Airstream Reproduction; Recreating a 1950’s FabricKristin Crane
Occasionally at Design Pool I receive a request to replicate an antique textile and I rarely say no. In fact, I love these projects so much I usually find it hard to control my excitement. Recreating an antique textile is more than just knocking something off, it is an intense design challenge that involves research into traditional techniques and manufacturing processes. The latest request I received was for an Airstream reproduction.
Airstream was in the process of recreating a 1950’s Airstream. They wanted the details to be as close as possible to the original. They contacted me to recreate the fabric for the interior cushions. The original manufacturer of the fabric was unknown. Since they needed a very small amount, digital printing was the most effective way to get the fabric they needed.

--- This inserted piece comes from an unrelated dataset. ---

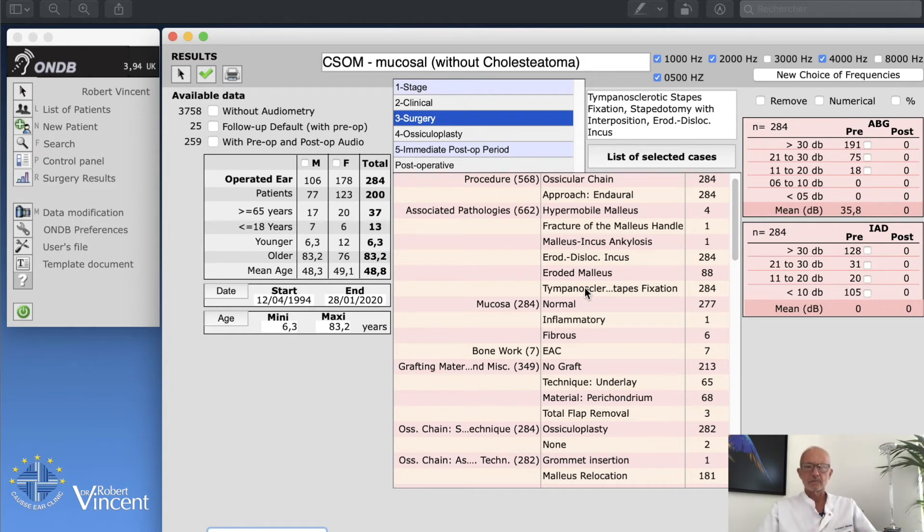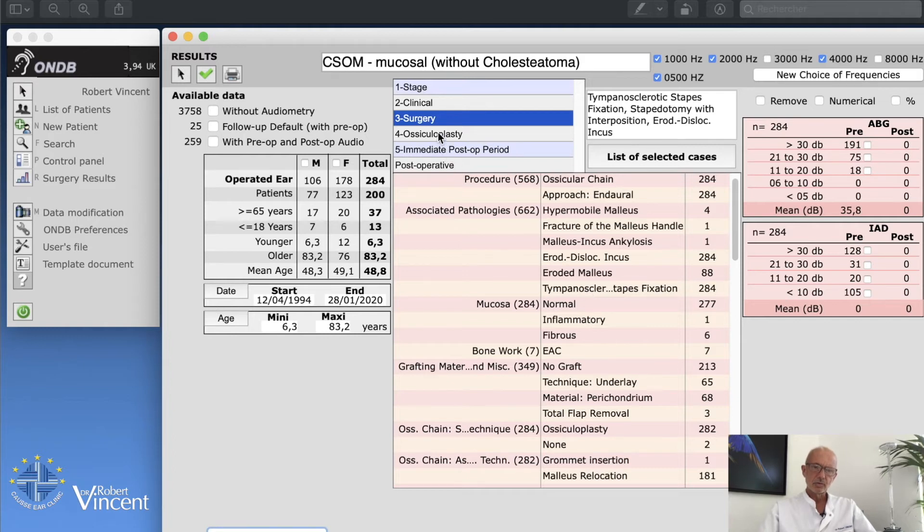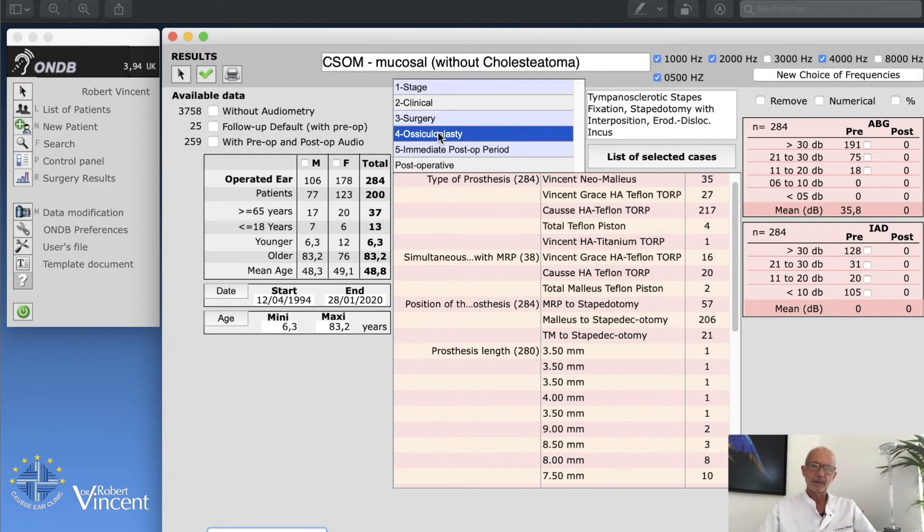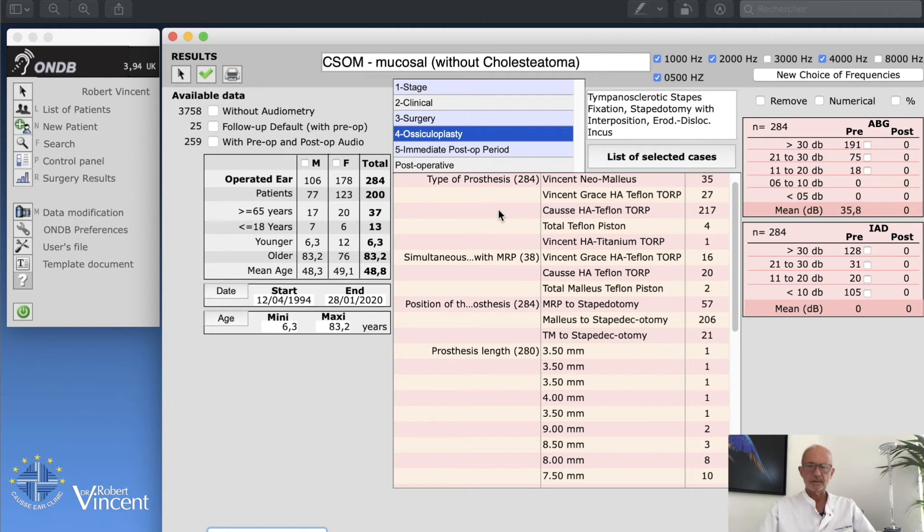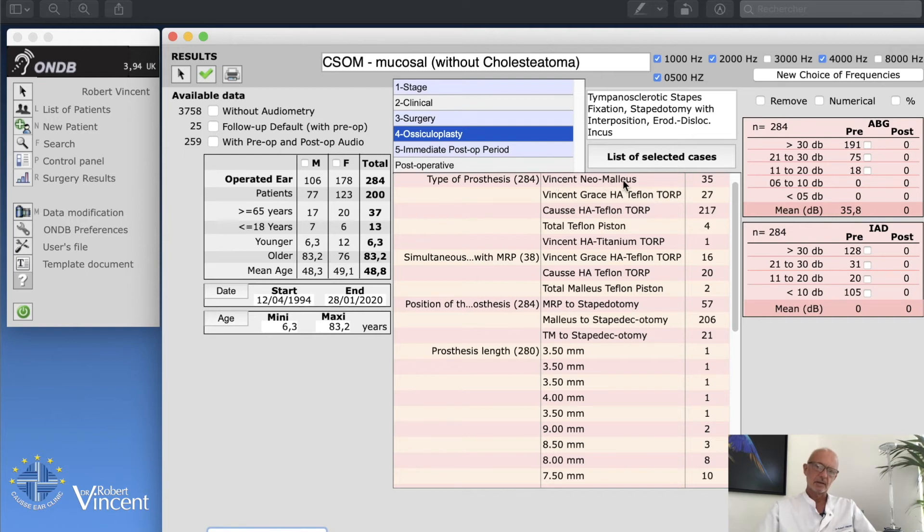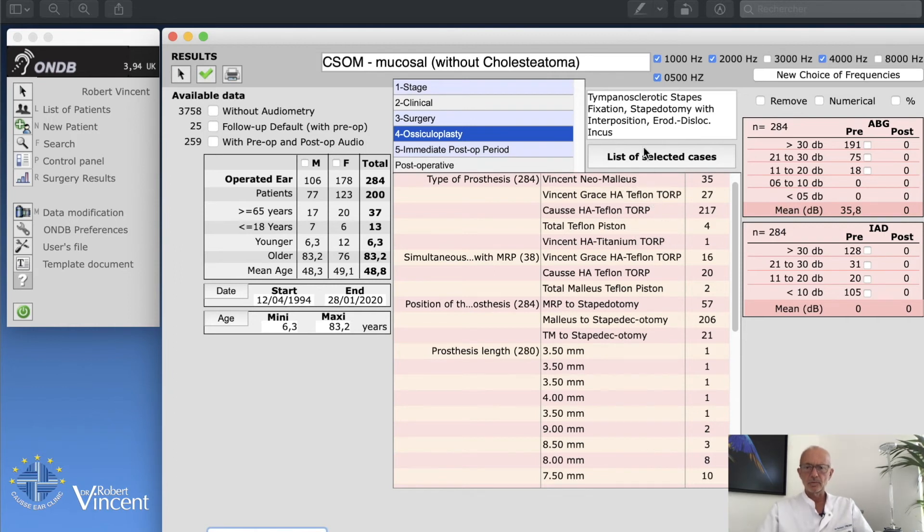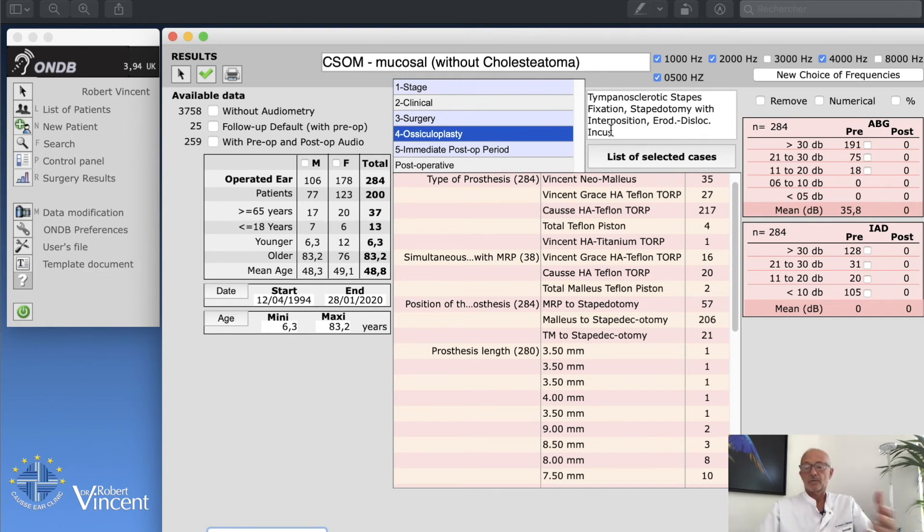There's a lot of different things, sometimes we use different types of prosthesis. So I will go to ossiculoplasty and then just study what we have. We have the type of prosthesis. We have the Vincent neo-malleus, which is the malleus replacement prosthesis, but these are the TORP which were used in this case because I remind you, we have tympanosclerotic stapes fixation, stapedotomy with eroded incus.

A few days after saying yes to the request, a very old, fabric cushion casing arrived in the mail. It was very faded and had seen a lot of wear and spills over the years. My first challenge was to recreate the pattern as closely as possible to the original. The second challenge would be to find a manufacturer whose quality was acceptable and was willing to print only a few yards.
What is involved in an Airstream reproduction?
Recreating the Graphic
As I got to work on the first challenge, I began by taking apart the original cushion – after asking permission of course. I used a seam ripper and carefully took each seam apart and ironed each piece flat. Playing with them a bit, I got a sense of what this pattern would look like as a flat piece of fabric.
Next, I photographed each piece and brought them into Photoshop to clean up and crop. From there, I could bring the images into Illustrator and do a 16-color image trace to get the basics of the design into a workable state. While Illustrator does a fairly good job, image trace does tend to shift or meld shapes. Still, this was good enough to use as a beginning template.
With this template, I drew the entire image and figured out its repeat. Since Airstream was only remaking the cushion, I didn’t need to recreate the entire repeat. Instead, I just had to focus on the cushion pieces, showing enough of the design repeat to extend past the sew lines.
This process saved time in the design stage, but also in the manufacturing phase. Rather than print out yardage of the full design and then have the individual cushion shapes cut from that yardage, we created a file to send to the printer that had the cushion shapes nested together on one yard of fabric.
Recreating the Texture
While researching the original cushion, I noted the strong texture of the original basecloth fabric. I knew it would be very challenging, if not impossible, to find a similarly woven fabric to use as a basecloth, especially for only one yard. Still, it was an important element to the original fabric. Rather than print on a texture, I incorporated it into the design as a texture swatch in Illustrator.
For this process, I took a detailed photo of the texture in a solid area. After I brought that photo into Photoshop, I was able to create a swatch that could be put into repeat. This became the texture swatch added to the design in Illustrator.
Recreating the Color
Airstream wanted this fabric to look the way it looked when it was brand new in 1950. The fabric from the original cushion though, had faded a lot over the years. To get a better idea of what the color had been like when it was new, I looked at the seam allowance. On the inside of the seam, where there had been no light, I saw the original color of the fabric.
Working in Photoshop with the texture swatch previously created, I picked colors. Using the color balance slider, I developed a color palette that matched the original colors perfectly.
Time for Printing
After researching print on demand companies, we chose Spoonflower to do the printing. First, I requested their fabric pack so I could evaluate the weight and hand of all the swatches, as well as choose a textured basecloth. I decided to use their Linen Cotton Canvas and ordered as much as needed for manufacturing.
Finishing up with Flooring
With the cushion successfully completed, Airstream asked for the reproduction of the original flooring also. This was a bit less involved, as Airstream had a supplier for printing the flooring, they just needed the design. For the floor, we started with a marble pattern and then added a textured swatch to the marble. This created a random texture effect, similar to the original.
As someone who loves Airstreams and fabric of the 50s, this Airstream reproduction project was a blast. Yet, it’s also important to mention that any request we receive at Design Pool to replicate a design comes with some initial questions. We always make sure that the person asking us to do the project owns the copyrights to the design and puts that in writing. Simply knocking off a design is not the same as a historical reproduction and is something we would never do here.